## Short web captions
##########
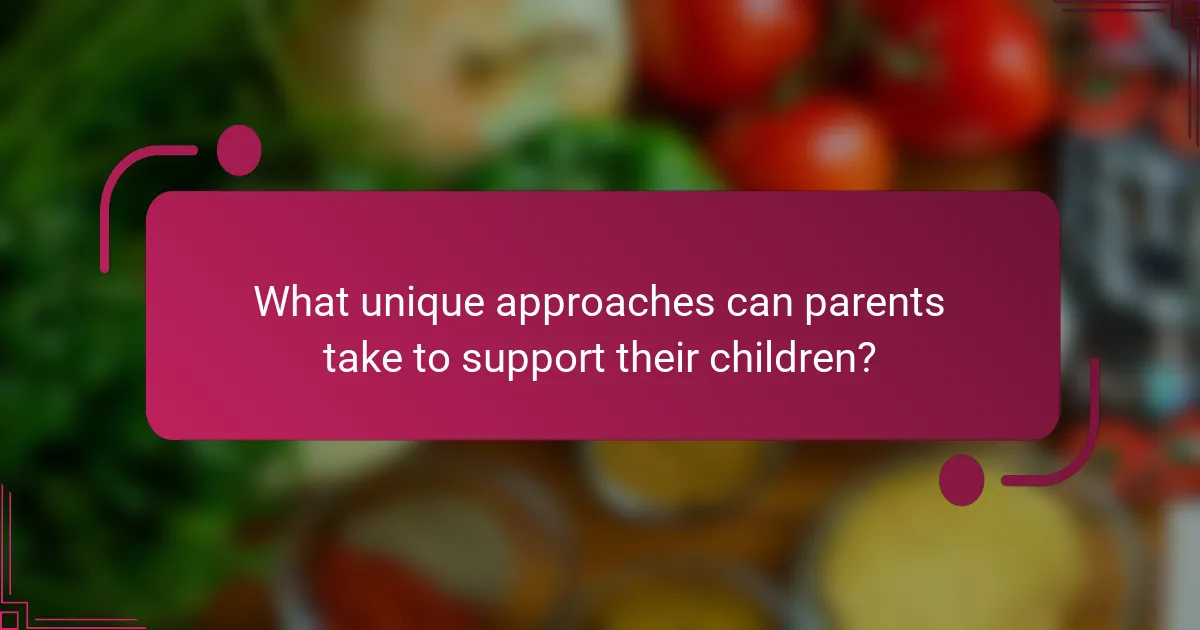 What unique approaches can parents take to support their children?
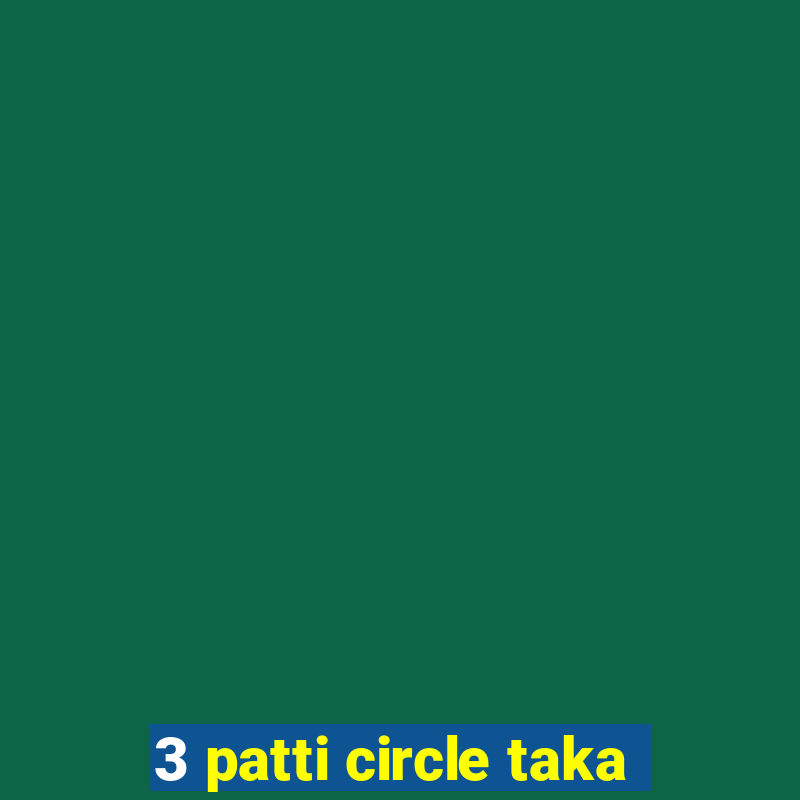 3 patti circle taka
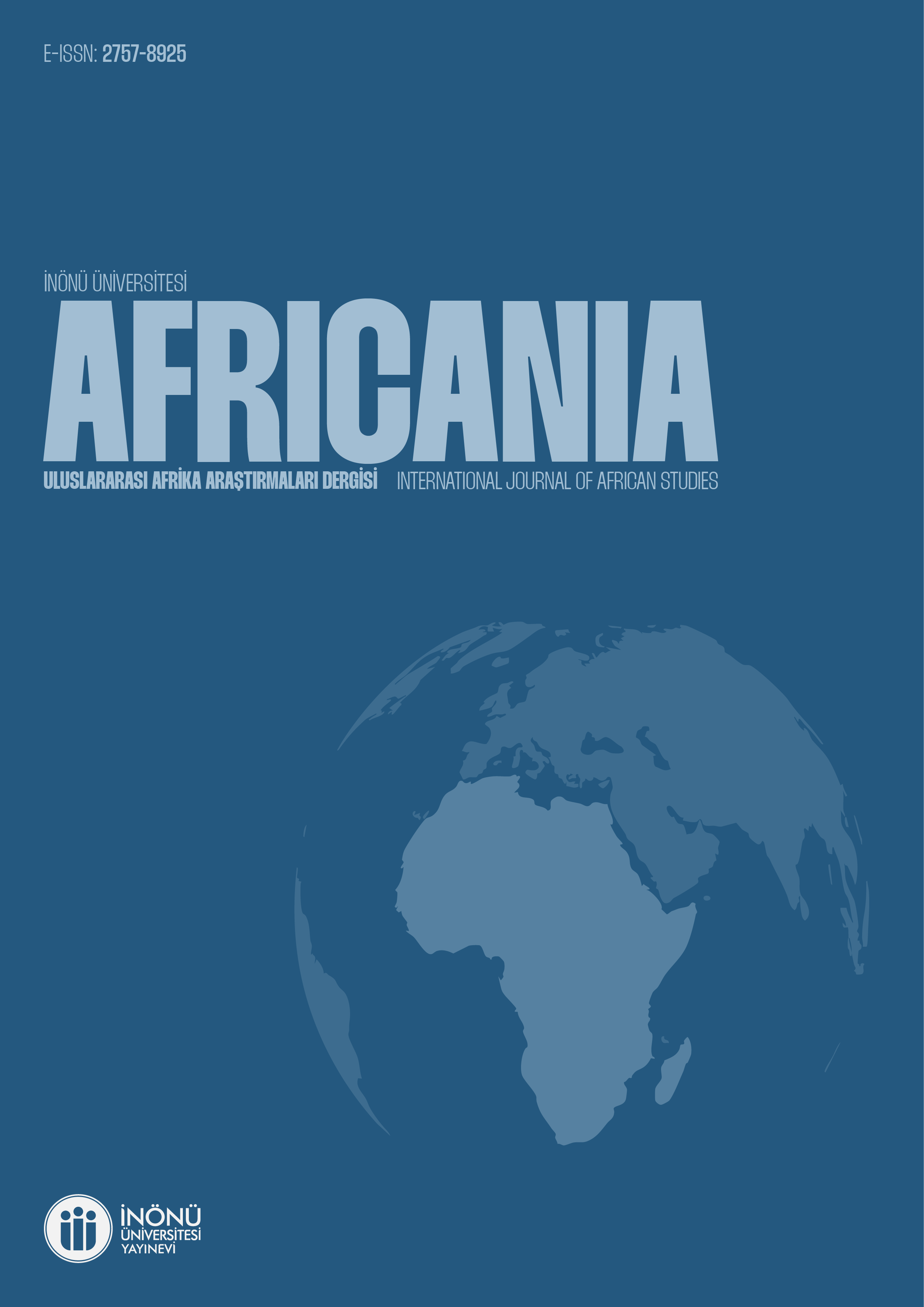 İnönü Üniversitesi Afrika Araştırmaları Dergisi - AFRICANIA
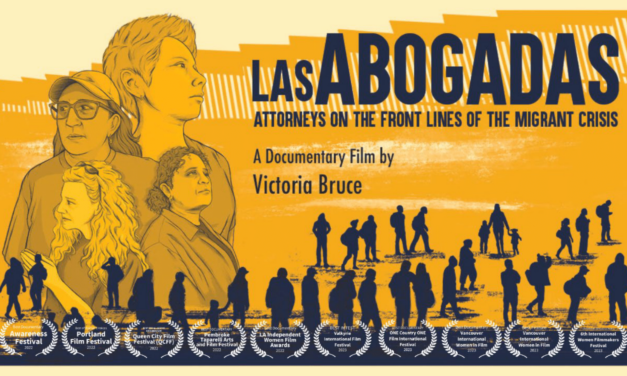 The Impact of Immigration Attorneys on the Big Screen: “LAS ABOGADAS”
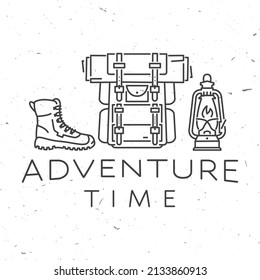 Adventure time. Vector illustration. Concept for shirt, logo, print, stamp or tee. Vintage line art design with hiking boot, lantern and backpack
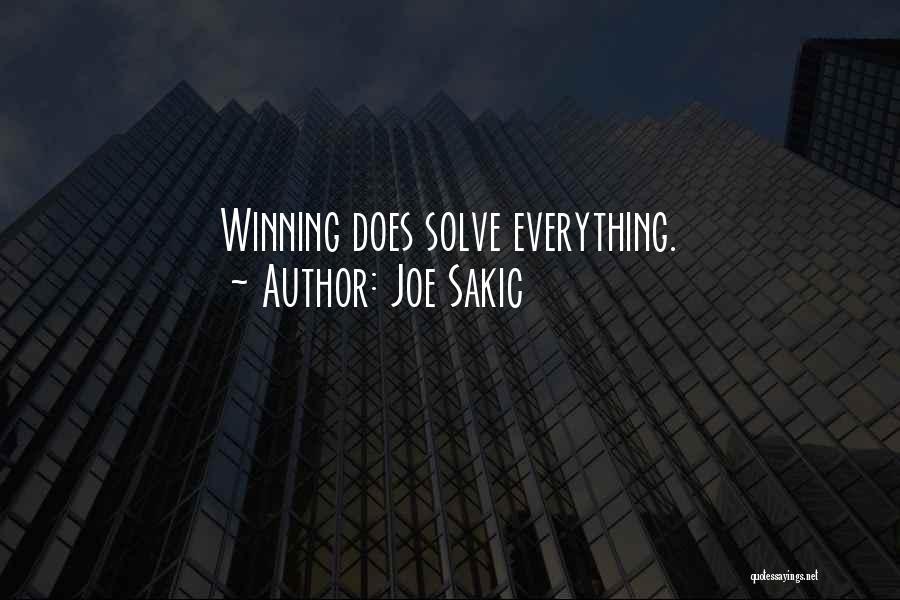 Joe Sakic Quotes: Winning Does Solve Everything.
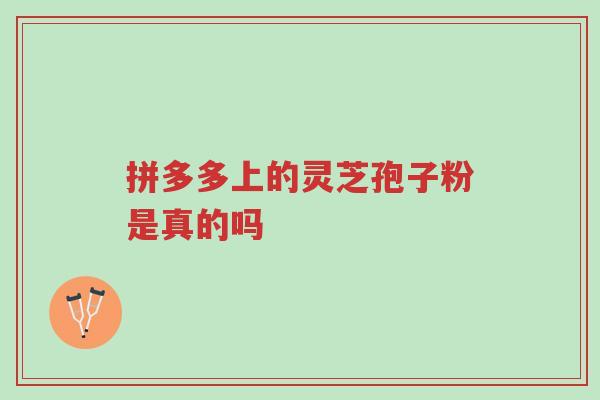 拼多多上的灵芝孢子粉是真的吗-第1张图片-超越 拼多多上的灵芝孢子粉是真的吗-第1张图片-超越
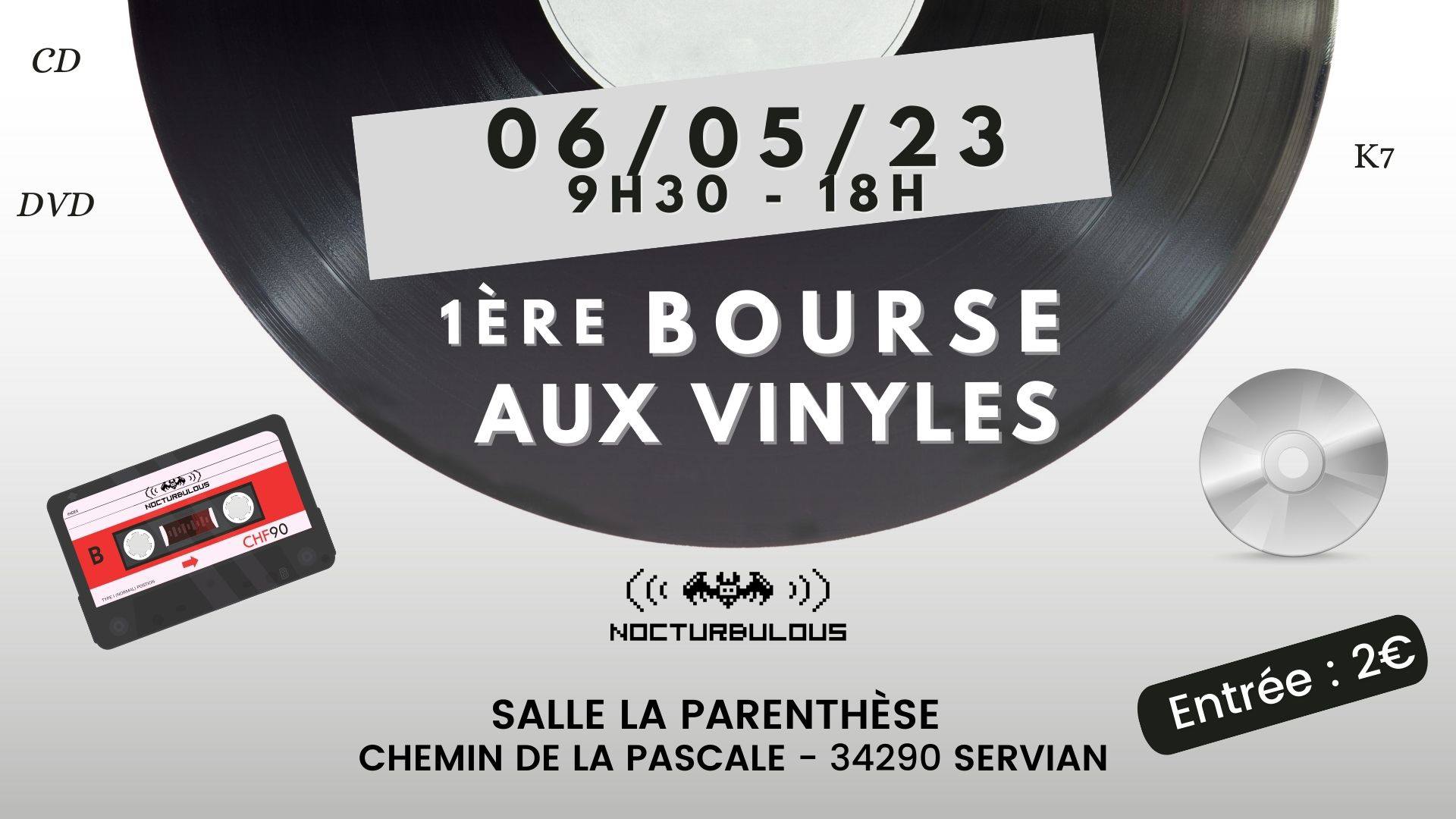 1ère bourse aux vinyles Nocturbulous - 6 mai 2023 de 9h30 à 18h00 - Salle La Parenthèse - Servian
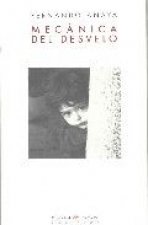 Mecánica del desvelo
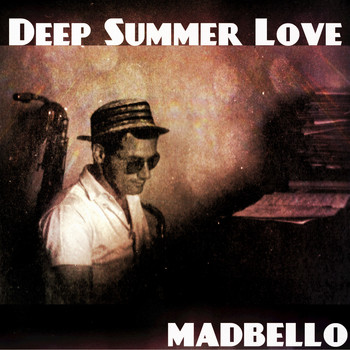Madbello - Deep Summer Love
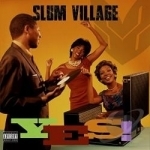 Yes! by Slum Village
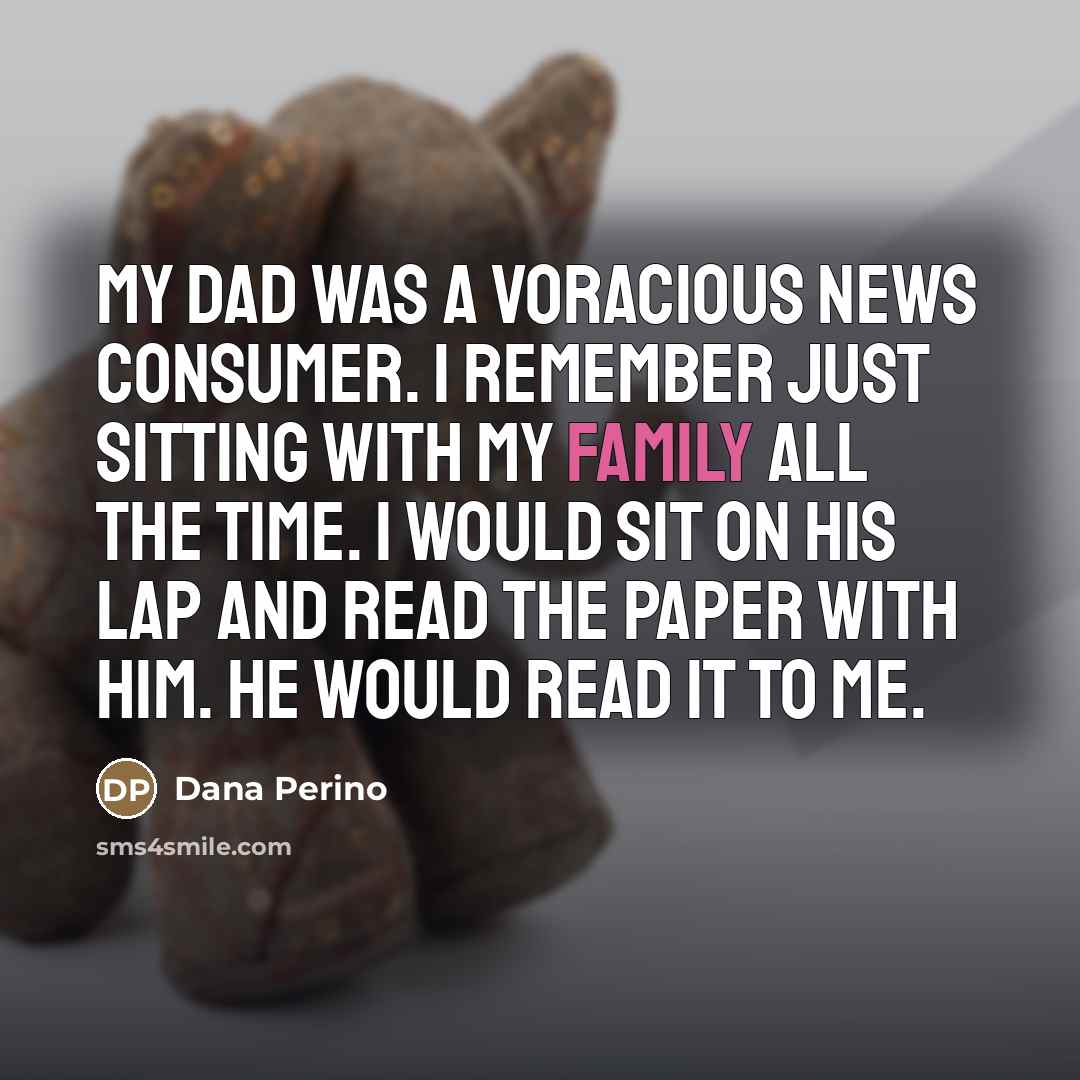“My dad was a voracious news consumer. I remember just…” quote by Dana Perino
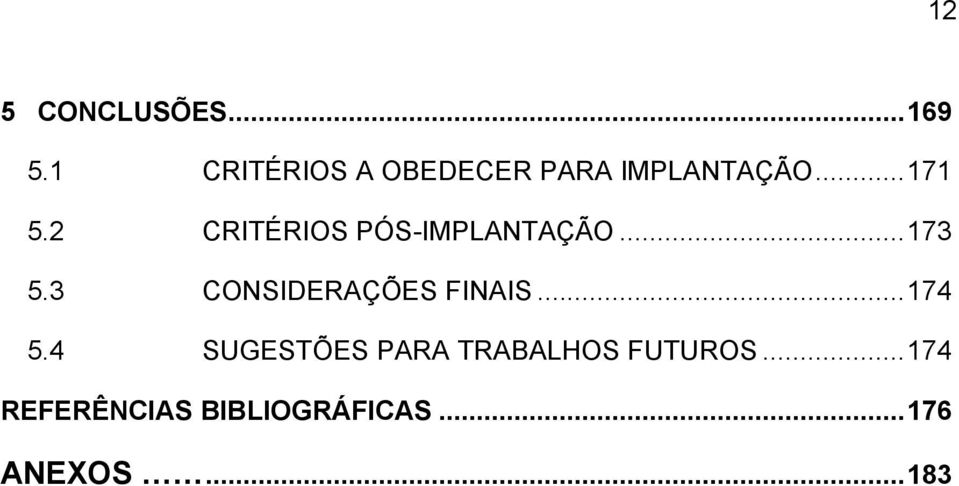 2 CRITÉRIOS PÓS-IMPLANTAÇÃO...173 5.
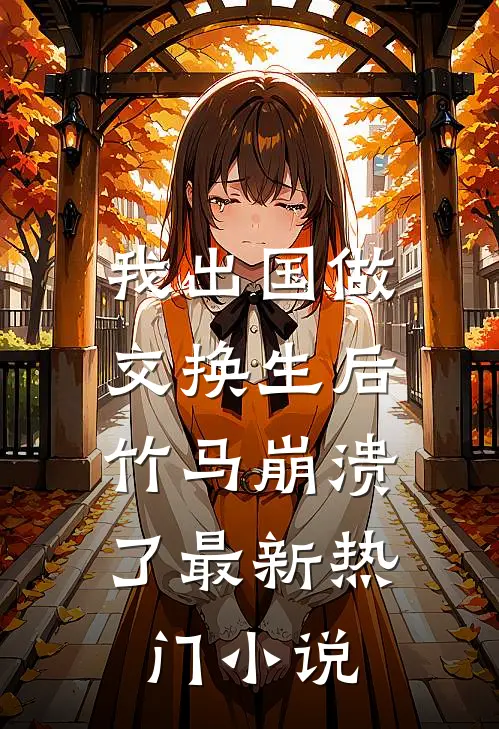 我出国做交换生后，竹马崩溃了最新热门小说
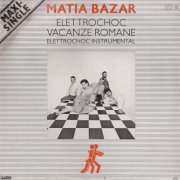 Matia Bazar - Elettrochoc (1983) [Vinyl, 12"]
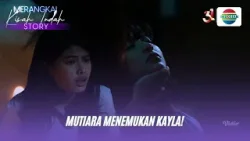Mutiara Menemukan Kayla?! | Merangkai Kisah Indah Story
##########
## Task description
When you reach the line with "Matia Bazar - Elettrochoc" in the entries above, start copying, and go on word for word to the last line; skip any picture.

## Exercise output
 Matia Bazar - Elettrochoc (1983) [Vinyl, 12"]
Mutiara Menemukan Kayla?! | Merangkai Kisah Indah Story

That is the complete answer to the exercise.